The courts and legal processing system in West Virginia are increasingly stretched thin, especially after the COVID-19 pandemic. Any legal process, whether civil or criminal, takes much time and specialized effort, from law enforcement officers to clerks to lawyers to judges.

Currently, judges aren’t permitted to participate in the negotiation between prosecution and criminal defense in creating a plea agreement. Instead, the agreement is negotiated and presented to the judge for approval. But allowing judges more involvement in the process might have some benefits, including time and labor savings.

How the plea agreement process works

As things stand, a plea deal begins as a back-and-forth between the prosecution and the defendant, as represented by their defense attorney. Assuming the defendant has an interest in a plea agreement, the sides will negotiate what kind of charges the defendant pleads guilty to, along with the accompanying fines, prison time, or probation.

During that phase of the plea process, the judge cannot be involved. Courts have ruled against judges participating based on existing law. Only once the two sides have struck a deal does the judge enter the picture. The judge can either accept the deal or require that the two parties develop a new one if the existing deal is unacceptable.

Why allowing judges to participate earlier might help

There are two primary potential benefits to allowing judges earlier participation in the plea agreement process. The first is fairness to the defendant, and the second saves the court and its workers time.

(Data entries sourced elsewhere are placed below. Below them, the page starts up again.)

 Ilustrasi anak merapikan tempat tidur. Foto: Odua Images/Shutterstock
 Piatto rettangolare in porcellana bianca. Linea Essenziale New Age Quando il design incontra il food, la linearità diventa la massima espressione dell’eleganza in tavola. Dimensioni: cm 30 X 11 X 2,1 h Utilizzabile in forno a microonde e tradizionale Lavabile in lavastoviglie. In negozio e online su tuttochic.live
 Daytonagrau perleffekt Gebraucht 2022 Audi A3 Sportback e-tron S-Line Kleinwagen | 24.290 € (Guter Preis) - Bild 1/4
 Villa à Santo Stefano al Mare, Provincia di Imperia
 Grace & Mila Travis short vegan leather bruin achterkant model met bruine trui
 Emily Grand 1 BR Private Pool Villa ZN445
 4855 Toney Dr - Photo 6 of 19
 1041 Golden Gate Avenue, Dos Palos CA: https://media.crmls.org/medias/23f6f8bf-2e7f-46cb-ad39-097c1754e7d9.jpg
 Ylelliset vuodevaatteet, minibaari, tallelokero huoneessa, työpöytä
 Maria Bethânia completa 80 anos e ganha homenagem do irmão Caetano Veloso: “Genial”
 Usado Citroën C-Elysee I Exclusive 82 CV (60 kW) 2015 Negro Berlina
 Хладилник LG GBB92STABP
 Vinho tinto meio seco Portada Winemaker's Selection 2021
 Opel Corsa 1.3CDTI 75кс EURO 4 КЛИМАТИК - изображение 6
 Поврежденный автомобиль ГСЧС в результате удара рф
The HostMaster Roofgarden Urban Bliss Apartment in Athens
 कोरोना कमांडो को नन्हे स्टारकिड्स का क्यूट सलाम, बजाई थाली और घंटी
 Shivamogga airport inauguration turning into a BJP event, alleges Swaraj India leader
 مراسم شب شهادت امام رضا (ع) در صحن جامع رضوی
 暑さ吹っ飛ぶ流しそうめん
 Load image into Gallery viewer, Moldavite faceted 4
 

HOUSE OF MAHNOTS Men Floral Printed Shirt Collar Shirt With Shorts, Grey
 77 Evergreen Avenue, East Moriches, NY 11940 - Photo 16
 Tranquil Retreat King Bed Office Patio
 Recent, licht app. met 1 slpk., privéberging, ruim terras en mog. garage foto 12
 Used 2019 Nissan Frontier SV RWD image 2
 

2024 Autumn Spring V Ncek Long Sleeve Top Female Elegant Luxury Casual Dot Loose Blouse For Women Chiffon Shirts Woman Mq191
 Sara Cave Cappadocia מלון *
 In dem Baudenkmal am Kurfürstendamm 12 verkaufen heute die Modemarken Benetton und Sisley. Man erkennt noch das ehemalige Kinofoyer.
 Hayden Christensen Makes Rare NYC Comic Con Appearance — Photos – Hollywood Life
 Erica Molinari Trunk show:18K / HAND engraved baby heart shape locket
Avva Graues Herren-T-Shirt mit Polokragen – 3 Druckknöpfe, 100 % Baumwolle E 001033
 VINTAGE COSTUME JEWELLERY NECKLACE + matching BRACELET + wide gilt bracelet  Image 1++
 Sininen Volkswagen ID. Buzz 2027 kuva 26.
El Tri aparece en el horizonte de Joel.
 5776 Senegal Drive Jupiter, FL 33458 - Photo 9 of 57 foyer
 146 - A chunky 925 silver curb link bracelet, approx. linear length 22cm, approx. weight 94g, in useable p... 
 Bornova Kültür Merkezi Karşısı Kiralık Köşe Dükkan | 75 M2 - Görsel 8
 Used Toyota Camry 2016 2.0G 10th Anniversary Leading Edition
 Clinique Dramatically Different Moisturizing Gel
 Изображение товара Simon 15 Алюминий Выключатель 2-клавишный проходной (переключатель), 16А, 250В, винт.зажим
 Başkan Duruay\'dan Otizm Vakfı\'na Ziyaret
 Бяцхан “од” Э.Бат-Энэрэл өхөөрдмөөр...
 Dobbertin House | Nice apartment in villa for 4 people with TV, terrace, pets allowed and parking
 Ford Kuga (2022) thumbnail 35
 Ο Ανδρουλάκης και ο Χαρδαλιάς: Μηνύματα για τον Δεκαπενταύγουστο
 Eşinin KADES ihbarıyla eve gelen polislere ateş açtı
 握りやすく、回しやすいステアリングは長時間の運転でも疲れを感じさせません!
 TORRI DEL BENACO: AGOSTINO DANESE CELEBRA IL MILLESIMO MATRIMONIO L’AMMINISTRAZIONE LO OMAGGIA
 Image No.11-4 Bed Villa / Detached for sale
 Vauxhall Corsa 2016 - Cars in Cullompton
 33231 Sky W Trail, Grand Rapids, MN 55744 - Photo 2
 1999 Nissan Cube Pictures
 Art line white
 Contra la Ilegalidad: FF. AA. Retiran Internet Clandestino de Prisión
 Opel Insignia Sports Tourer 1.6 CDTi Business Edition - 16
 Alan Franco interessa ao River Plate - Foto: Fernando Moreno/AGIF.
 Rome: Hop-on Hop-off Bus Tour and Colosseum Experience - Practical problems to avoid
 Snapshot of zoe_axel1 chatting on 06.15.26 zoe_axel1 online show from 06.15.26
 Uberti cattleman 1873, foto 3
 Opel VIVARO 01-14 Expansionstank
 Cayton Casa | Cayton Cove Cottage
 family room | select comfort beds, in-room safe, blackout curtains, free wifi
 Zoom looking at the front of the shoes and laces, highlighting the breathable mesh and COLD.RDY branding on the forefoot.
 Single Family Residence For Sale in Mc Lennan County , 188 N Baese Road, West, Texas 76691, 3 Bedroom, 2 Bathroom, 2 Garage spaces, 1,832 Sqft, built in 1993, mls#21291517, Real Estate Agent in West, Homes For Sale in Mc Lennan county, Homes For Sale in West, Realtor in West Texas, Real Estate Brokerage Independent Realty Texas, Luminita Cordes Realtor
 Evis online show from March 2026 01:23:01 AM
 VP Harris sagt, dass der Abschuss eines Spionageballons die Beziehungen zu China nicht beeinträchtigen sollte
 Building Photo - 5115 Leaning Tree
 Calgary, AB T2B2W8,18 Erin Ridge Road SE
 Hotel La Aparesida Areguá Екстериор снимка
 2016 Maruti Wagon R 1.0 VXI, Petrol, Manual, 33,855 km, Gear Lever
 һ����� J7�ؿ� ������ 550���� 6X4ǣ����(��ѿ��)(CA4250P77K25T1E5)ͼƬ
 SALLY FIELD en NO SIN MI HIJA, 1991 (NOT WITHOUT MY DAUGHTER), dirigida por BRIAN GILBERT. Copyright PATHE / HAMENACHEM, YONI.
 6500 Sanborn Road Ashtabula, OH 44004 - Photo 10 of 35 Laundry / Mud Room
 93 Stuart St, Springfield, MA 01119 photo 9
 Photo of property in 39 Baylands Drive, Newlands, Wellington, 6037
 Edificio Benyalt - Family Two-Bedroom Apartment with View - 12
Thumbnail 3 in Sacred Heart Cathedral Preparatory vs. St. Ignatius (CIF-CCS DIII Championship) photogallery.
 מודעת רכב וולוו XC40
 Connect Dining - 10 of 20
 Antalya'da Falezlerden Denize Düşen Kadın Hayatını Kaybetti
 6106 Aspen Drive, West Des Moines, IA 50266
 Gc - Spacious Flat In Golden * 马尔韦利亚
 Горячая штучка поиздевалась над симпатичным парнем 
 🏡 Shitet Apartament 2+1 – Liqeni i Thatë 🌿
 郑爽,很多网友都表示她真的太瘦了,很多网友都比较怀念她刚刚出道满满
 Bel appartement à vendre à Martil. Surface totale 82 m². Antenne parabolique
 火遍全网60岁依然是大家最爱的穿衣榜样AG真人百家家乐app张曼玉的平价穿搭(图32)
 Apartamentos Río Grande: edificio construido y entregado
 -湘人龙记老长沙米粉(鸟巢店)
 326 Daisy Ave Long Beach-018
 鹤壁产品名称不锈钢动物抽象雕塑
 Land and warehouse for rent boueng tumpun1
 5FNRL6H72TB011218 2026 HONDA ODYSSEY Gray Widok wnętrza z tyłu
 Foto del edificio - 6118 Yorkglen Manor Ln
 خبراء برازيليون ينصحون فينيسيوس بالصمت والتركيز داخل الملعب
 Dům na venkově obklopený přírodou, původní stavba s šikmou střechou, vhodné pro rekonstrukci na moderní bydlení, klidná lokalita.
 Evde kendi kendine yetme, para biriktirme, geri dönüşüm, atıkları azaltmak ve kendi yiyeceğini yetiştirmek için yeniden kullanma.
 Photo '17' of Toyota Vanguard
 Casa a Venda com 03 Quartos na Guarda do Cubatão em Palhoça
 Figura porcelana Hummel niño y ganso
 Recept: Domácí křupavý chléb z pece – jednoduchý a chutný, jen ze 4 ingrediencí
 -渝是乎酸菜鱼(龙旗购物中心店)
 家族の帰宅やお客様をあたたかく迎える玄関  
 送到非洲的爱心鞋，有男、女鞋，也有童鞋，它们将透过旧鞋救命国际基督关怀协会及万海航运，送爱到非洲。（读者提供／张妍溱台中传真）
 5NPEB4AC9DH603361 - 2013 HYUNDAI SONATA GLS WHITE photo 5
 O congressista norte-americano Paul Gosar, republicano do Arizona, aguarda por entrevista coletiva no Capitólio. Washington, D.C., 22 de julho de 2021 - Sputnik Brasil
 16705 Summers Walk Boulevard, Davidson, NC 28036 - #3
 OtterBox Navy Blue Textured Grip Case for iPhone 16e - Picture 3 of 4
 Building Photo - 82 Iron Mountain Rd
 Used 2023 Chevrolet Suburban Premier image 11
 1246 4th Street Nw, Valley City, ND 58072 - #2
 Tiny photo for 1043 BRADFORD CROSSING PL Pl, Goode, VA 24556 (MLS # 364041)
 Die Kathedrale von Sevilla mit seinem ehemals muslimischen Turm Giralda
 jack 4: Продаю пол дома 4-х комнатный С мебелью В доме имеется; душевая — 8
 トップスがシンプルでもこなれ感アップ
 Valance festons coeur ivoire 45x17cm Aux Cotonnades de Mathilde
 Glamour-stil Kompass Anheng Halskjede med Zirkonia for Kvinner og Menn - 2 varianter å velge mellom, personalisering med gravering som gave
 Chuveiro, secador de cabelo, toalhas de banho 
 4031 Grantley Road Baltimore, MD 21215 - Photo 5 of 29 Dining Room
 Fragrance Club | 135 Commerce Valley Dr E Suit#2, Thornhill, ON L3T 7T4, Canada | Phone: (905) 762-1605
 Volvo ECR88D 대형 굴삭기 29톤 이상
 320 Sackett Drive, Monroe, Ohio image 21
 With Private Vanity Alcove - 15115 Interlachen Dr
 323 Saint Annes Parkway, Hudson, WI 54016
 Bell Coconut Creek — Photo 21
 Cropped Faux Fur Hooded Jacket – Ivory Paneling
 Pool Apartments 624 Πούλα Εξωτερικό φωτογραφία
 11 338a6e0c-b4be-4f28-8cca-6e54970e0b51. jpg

One of the judge’s responsibilities in evaluating a plea deal is deciding whether the defendant entered into it willingly and with full understanding. But it’s much harder to determine after the fact than if the judge was present earlier.

And when an inadequate plea deal gets presented and the judge asks for a new one, all the negotiating time earlier is wasted. Having the judge involved earlier saves everyone’s time in that scenario.

Judges only participate in the plea deal process once a bargain has been reached. But allowing judges earlier access in the process could benefit the defendant and the court itself.